Heureusement qu’il me tient la main très fort car c’est l’angoisse. Cette
plongée dans le vide. J’ai peur. Je suis déjà à la marche 32… il en reste au
moins autant et encore autant. J’ai peur du vide.je suis sûre que je me suis
trompée en les comptant. Je sens une sueur froide couler entre mes omoplates.
Je me cramponne à sa main.
Une fois en bas, je pourrais
enfin souffler. Là, j’ai du mal à respirer. J’ai le vertige. Quand même, quelle
idée de le suivre jusqu'’ici. Il sait que j’ai peur du métro… Je n’aime pas ne
pas voir le ciel. Il me fait descendre dans les entrailles de la terre. C’est
pour gagner du temps qu’il m’a dit. Mais combien de temps encore ici ?

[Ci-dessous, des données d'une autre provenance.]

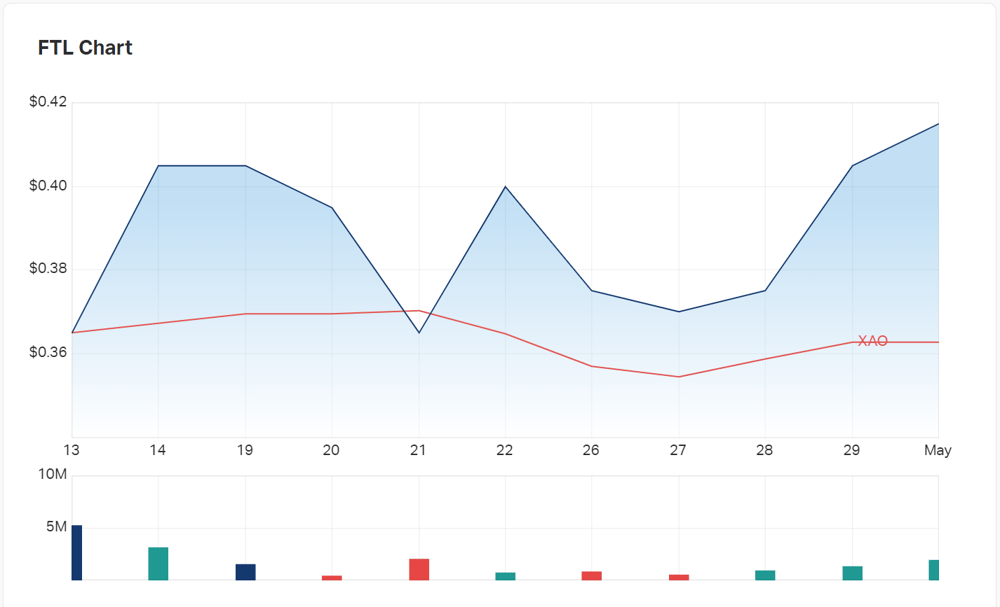 Firetail's performance since listing compared to the All Ords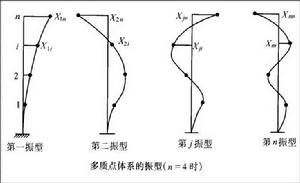 （圖）主震型地震圖解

Je me cramponne à sa main.
J’ai le cœur sans dessus-dessous.
Je crois qu’il va sortir de ma poitrine. Il le sait pourtant. Et moi, j’ai
voulu faire la fière. T’inquiète, je t’accompagne, j’ai paradé. Oui, il doit
aller se présenter dans un cabinet de chercheurs de tête. Il dit que je suis
son porte-bonheur. Pourtant, il sait. En bus, j’aurais moins eu moins le cœur
en dehors.
Je me cramponne à sa main.
Il ne faut pas que je tombe. Je
m’imagine déjà étalée en bas de l’escalier, la tête ensanglantée. Il faut que
je me tienne à la rampe. Je ne dois pas faiblir. Je dois mettre encore un pied
devant l’autre. Allez, encore un effort. Je dois ‘l’accompagner. Mais pas en
métro. Qu’est-ce que l’on ne ferait pas quand on aime.

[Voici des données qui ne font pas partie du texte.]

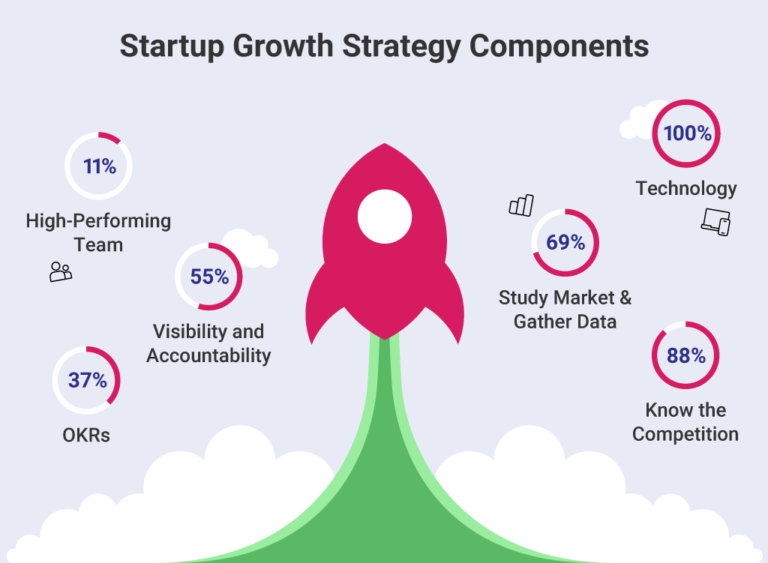 How to achieve startup growth - components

Je me cramponne à sa main.
Ce matin, j’ai mis une robe noire
sage et mon foulard indien, offert par Grand-mère quand elle est revenue d’un
de ses voyages au bout du monde. Grand-mère, elle, ne tremblerait pas dans un
escalier du métro. Elle n’a jamais eu peur de rien. Un raid dans le Sahara en
pleine guerre, un autre en Asie quand les frontières n’étaient pas encore
ouvertes aux étrangers… donc aux femmes, n’en parlons pas. Je ne suis pas aussi
baroudeuse que Grand-mère. Là je tremble devant cet escalier sans fin. Encore
combien de marches ? Envie de me retourner, de remonter celles que ‘j'ai
eu du mal à avaler et revenir à la surface. Respirer enfin. Mais non, je
continue de descendre dans le ventre de la terre.
Je me cramponne à sa main.
Au fait, je m’appelle Charlie et
lui Charly. Nous étions faits pour nous rencontrer.
Je me cramponne à sa main.
4 commentaires:
Chapeau...Belle journée.. Bises
Très beau texte et je ne pensais pas que l'on puisse être phobique à ce point du métro... :)
Petit moment de vie, bien troussé, bravo.